Your goal: Lines from the one with "dutchgreenhousedelta-tomatoes.jpg" through the end of the records, and no others, are what the answer should contain, copied exactly; please keep pictures out.

- Opening Delimiter -

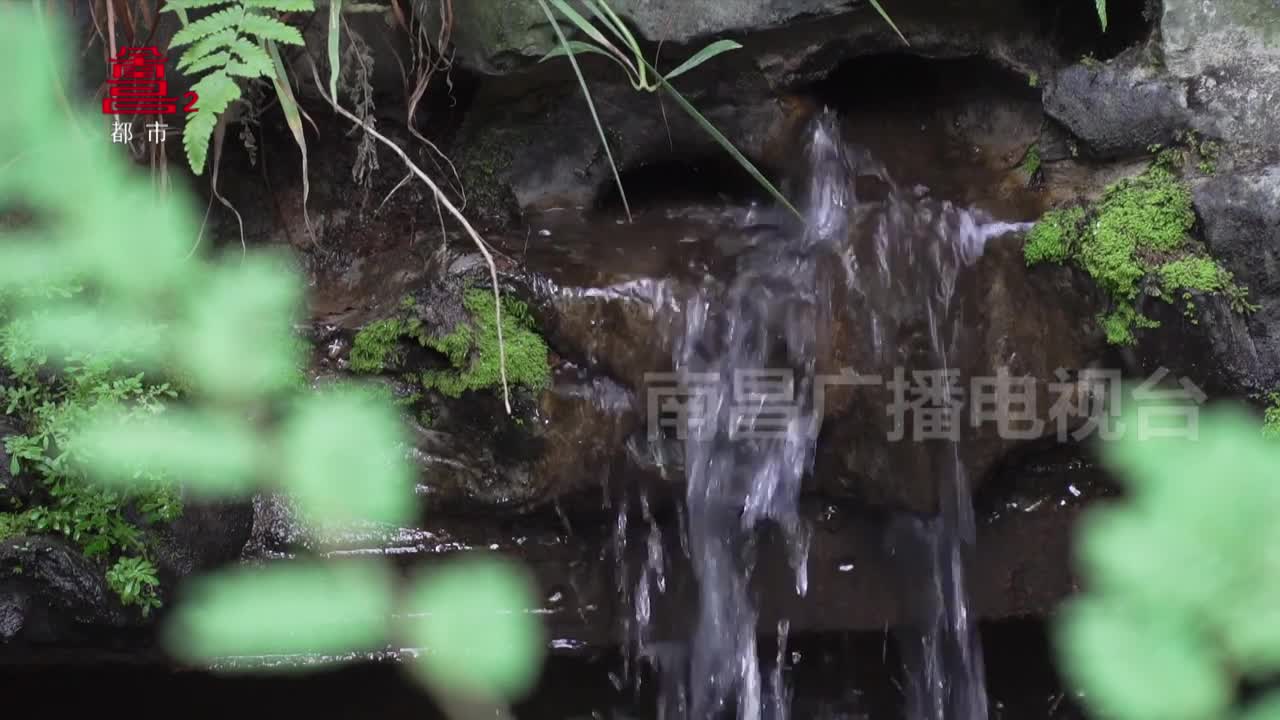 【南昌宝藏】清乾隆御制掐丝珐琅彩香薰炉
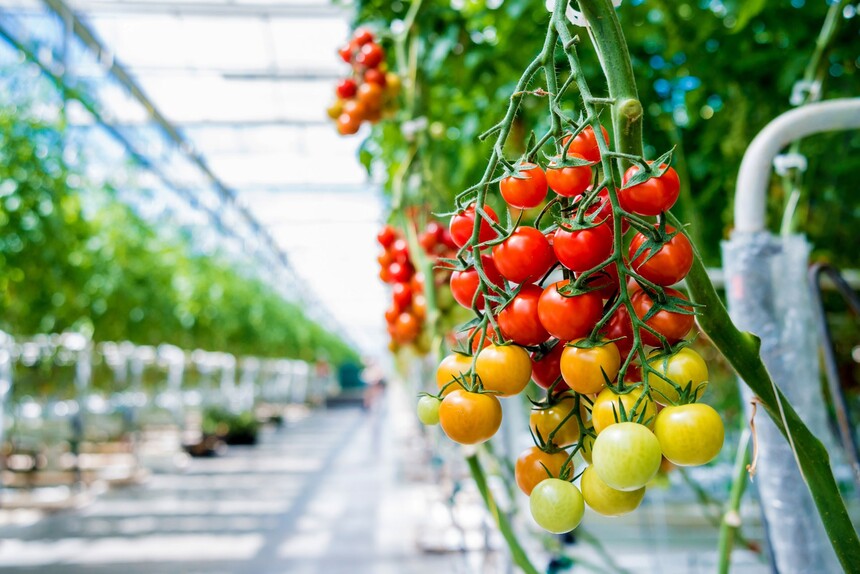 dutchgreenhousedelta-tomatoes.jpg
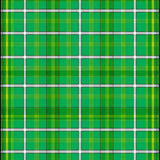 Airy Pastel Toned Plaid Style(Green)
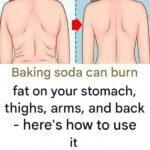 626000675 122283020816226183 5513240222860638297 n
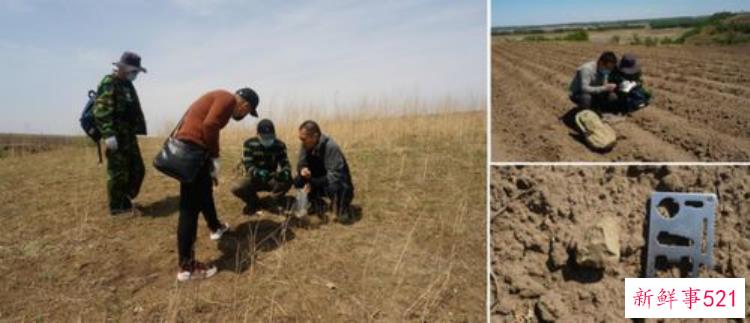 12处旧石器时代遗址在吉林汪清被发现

- Closing Delimiter -

Output of the exercise:
 dutchgreenhousedelta-tomatoes.jpg
 Airy Pastel Toned Plaid Style(Green)
 626000675 122283020816226183 5513240222860638297 n
 12处旧石器时代遗址在吉林汪清被发现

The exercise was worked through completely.